* Government captures second drug lord within weeks
* Arrest is another blow to Beltran Leyva cartel
By Cyntia Barrera Diaz
MEXICO CITY, Sept 13 (Reuters) - The arrest this weekend of a Mexican drug lord dealt another blow to one of the country's top cartels, but President Felipe Calderon's government still faces challenges as it seeks to rein in a thriving drug trade.
In a bloodless arrest on Sunday, Mexican marines captured Sergio Villarreal, a muscular former policeman whose 6.6-foot (2 meter) stature helped earn him the nickname of 'El Grande,' or 'The Big One,' the second leading figure from the powerful Beltran Leyva cartel to be captured within weeks.
The arrest marked a fresh victory for Calderon's war on drugs following the arrest late last month of Edgar "La Barbie" Valdez, a fellow capo vying for leadership of the same cartel after authorities killed its former leader in December.
"The cartel is greatly weakened ... There will be a reshuffling (of leaders) but the weakening will be substantial," marines spokesman Jose Luis Vergara said in a press conference on Monday.
An unshaven Villarreal, wearing a black tee shirt with the logo of a Texas basketball team, towered over masked soldiers at his elbows as officials presented him to the public.
Blamed for fueling a gruesome turf war within the Beltran Leyva cartel, Villarreal's face was stony as he faced reporters just days before his 41st birthday.

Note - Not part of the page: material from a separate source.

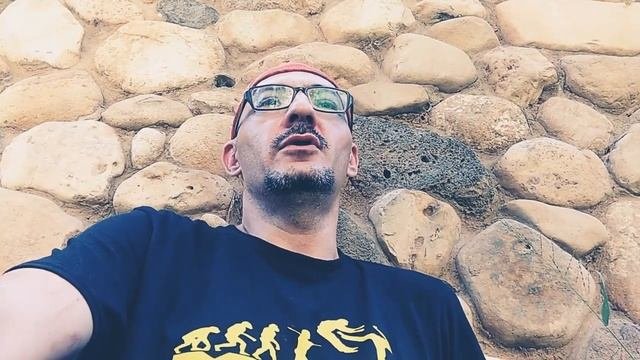 Гепард - не только самый быстрый, но и самый выносливый среди кошачьих | Гепард против волка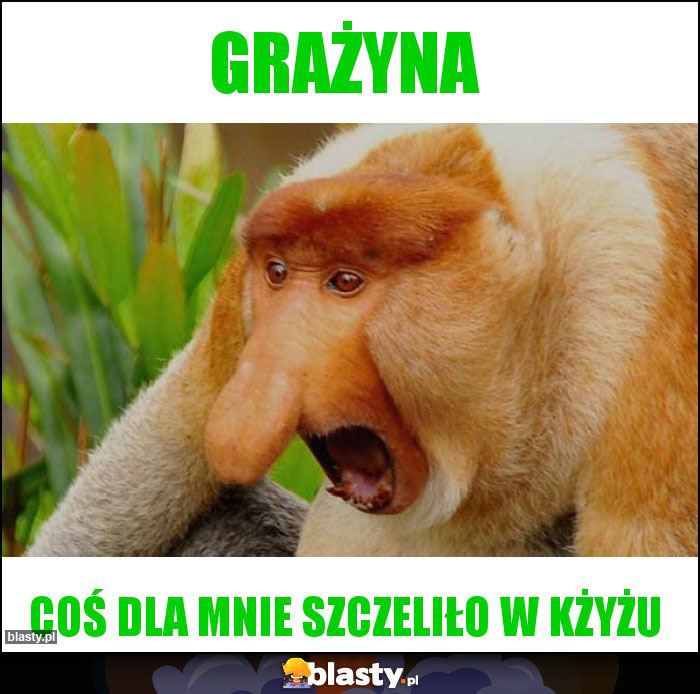 Grażyna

Alberto Islas, a security analyst with Risk Evaluation, said Villarreal trafficked up to 10 tonnes of cocaine a month into the United States, a large part of a booming drug trade believed to bring Mexican cartels up to $40 billion a year.
Yet his capture could intensify the power struggles that have gripped the Beltran Leyva cartel following former boss Arturo Beltran Leyva's death late last year, and possibly boost feuds between cartels seeking control of smuggling routes.
Less clear is what the impact of recent arrests will be on overall violence in Mexico, where more than 28,000 people have died since Calderon launched his crackdown on cartels in 2006.
Journalist and drug expert Raymundo Riva Palacio told local radio that El Grande was believed to be behind dozens of recent gruesome murders in the central state of Morelos as Villarreal challenged Valdez for leadership of the cartel.